Engineering Analysis of Failure: A Determination of Cause Method
- 1.1k Downloads
The purpose of this article is to present an engineering method for the determination of cause by the identification of defects that lead to failure. Further discussion on this topic is of course warranted and this article is anticipated to catalyze such discussions. In order to facilitate the development and presentation of this cause determination method, the definition of defect as it relates to failure is first presented. While not all failures are the result of defects (and not all defects result in failures), identification of a defect may point to opportunities to prevent recurrence and assist in the determination of cause. Furthermore, use of this method also serves to identify causes of failure that are not attributable just to the actions of responsible parties: such as wear and tear, acts of nature, and the unknown. Once the cause is identified, the resolution, recovery, and recurrence prevention process then has the opportunity to move forward. To further demonstrate application of the cause determination method presented here, case studies of failures are provided.

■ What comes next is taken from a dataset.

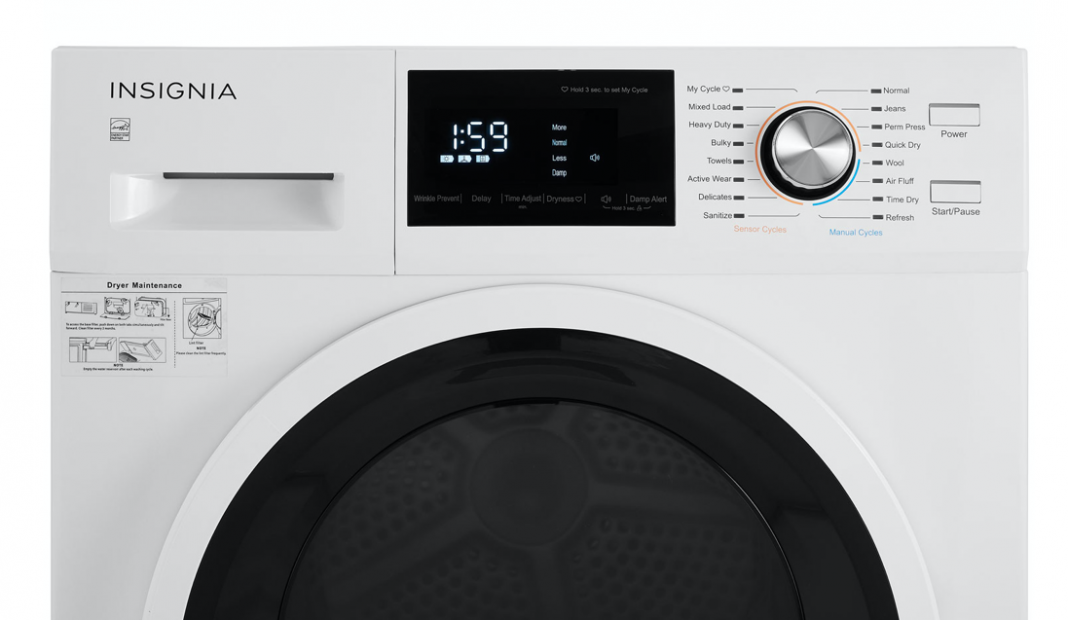 Discover The Great Features Of The Insignia Electric Dryer Best Buy Blog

KeywordsFailure analysis Cause determination Defect identification Hazard Risk Controlled hazard
When consideration is given to the cause of a failure (with consequent loss in the form of property damage or personal injury), two primary aspects are at issue; reasonable preventability of the failure, and responsibility. A related aspect to preventability is whether or not information that comes to light as a result of analyzing the failure will make prevention of recurrence of the failure mode practical: That is, a determination of reasonable means to prevent such failure.

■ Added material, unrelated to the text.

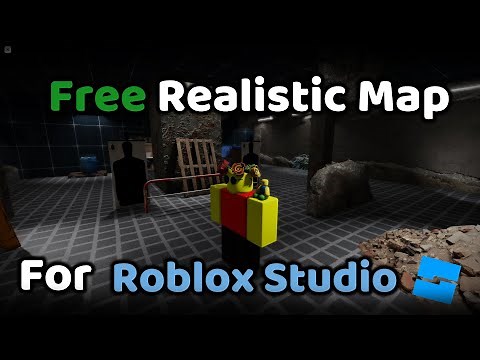 FREE REALISTIC MAP FOR ROBLOX STUDIO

The approach of this article is to apply the perspective of the engineer to the question of cause determination. As such this article is intended to facilitate the work of engineers in fulfilling their primary responsibility to “Hold paramount the safety, health, and welfare of the public .”
A determination that a failure was preventable by reasonable means implies that some lack of reasonableness was present prior to the failure. However, it is important to note that reasonable means available after a failure has taken place may not have been available before the failure took place. That is, the occurrence of a failure may of itself bring to light unanticipated information that now allows reasonable preventative steps to be taken.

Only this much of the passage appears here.